The Problem with Modern Productivity
After I read The Four Hour Work Week, I thought I could solve all of life’s problems could by becoming super productive and effective in my work (whether day job or side business “muse”). The 80-20 rule blew my mind. I began to see it everywhere. Yes, I do get 80% of my fun from 20% of my friends. 20% of my coworkers cause 80% of my problems.
I began to think that if everyone just found ways to eliminate useless activities from their day, they would be much happier, there would be less nonsense work in general, and we could all live happily ever after.
While I have nothing against productivity techniques per se, I have become more and more irritated with productivity culture.
Productivity culture advocates pursuing productivity in all domains of your life, especially work. Being productive acquires a sort of moral dimension in which the productive are more valued than the unproductive.
It’s clear why productivity culture is embraced by business. The more productive their employees are, the more money they make.
What is much scarier is how much we are internalizing productivity culture, and making ourselves miserable because of it.
I’m writing this on a Monday morning before work, which I feel pretty good about. Early bird gets the worm, right?
Now compare this to what I did this weekend. Friday evening, I watched House of Cards, which was enjoyable. Saturday, I didn’t do much of anything: I slept in, watched some more House of Cards, and then reading and wine drinking in the evening by myself. On Sunday, I spent the afternoon reading.
It was perfectly pleasant.
However, I also spent a considerable amount of time feeling guilty about not getting more done. I was even planning on writing this blog post on Saturday, but that didn’t happen. I put it off until this morning. I was also planning on exercising more than I did, doing some administrative stuff for work, etc.
Though I believe guilt is useful, it’s only useful if it’s calibrated to arise in situations in which you should feel guilty (say, yelling at your significant at your other) and if it actually changes your behavior (you apologize and make a renewed effort to not yell at your significant other).

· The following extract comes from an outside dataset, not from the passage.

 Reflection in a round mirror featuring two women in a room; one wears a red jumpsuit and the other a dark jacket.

Productivity culture makes us feel guilty for not being more like machines. We are not machines, nor will we ever become machines, so we should not feel guilty about this.

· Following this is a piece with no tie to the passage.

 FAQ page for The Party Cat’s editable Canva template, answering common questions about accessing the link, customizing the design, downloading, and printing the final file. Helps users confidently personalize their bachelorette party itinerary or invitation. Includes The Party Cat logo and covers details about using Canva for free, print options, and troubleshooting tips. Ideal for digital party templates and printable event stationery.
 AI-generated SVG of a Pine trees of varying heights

Of course, we do still need to be productive, at least to a minimal level. Those Excel formulas aren’t going to program themselves you know?
So how can we be productive in a natural way and without the guilt?

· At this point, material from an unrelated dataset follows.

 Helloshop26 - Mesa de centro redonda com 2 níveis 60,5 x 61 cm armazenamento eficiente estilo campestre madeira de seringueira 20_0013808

Naturally, I decided to look to ancient wisdom for help.
Wu-Wei – The Art of Non-Doing
Taoism is a 4th century BCE Chinese philosophy/religion that emphases living in harmony with the “Tao,” or way. One of they key tenets of Taoism is that language is limited in its capacity to explain the Tao, so I won’t attempt to describe exactly what it is, but here are some key “takeaways” from The Complete Idiot’s Guide to Taoism
- Our provisional definitions of tao are “the totality of natural process” and “the human parts of that process, including instructions, examples, morality, rituals, and so on.”
- The key link: Humans are an integral part of nature, and human tao is natural tao.
- Taoists do not speak of God, but of nature. The tradition’s religiosity stems from the awe of nature that motivates others to worship a creator of nature.
- Taoists do not think of humans as separate from nature; they view their own actions as continuous with natural spontaneity.
So we can think of the “Tao” as the natural state and movement of our environment and the actors within the environment. The goal then is not to oppose nature, but act with it.
What is particularly fascinating is the concept of Wu-Wei, which loosely translates as “non-doing” or “non-action.”
This concept is difficult to grasp. Here is a section from the Tao Te Ching, one of the two primary Taoist “scripture,” that describes the goal of “non-action.”
If you can empty your mind of all thoughts your heart will embrace the tranquility of peace.
Watch the workings of all of creation, but contemplate their return to the source. “All creatures in the universe return to the point where they began.
Returning to the source is tranquility because we submit to Heaven’s mandate. Returning to Heaven’s mandate is called being constant.
Knowing the constant is called ‘enlightenment.’
Not knowing the constant is the source of evil deeds because we have no roots. By knowing the constant, we can accept things as they are.
By accepting things as they are, we become impartial.
By being impartial, we become one with Heaven.
By being one with Heaven, we become one with Tao.
Being one with Tao, we are no longer concerned about losing our life because we know the Tao is constant and we are one with Tao.
The goal of Wu-Wei is not to be lazy (watching Netflix is not the same as non-action), but rather, to act appropriately and naturally to the situation at hand.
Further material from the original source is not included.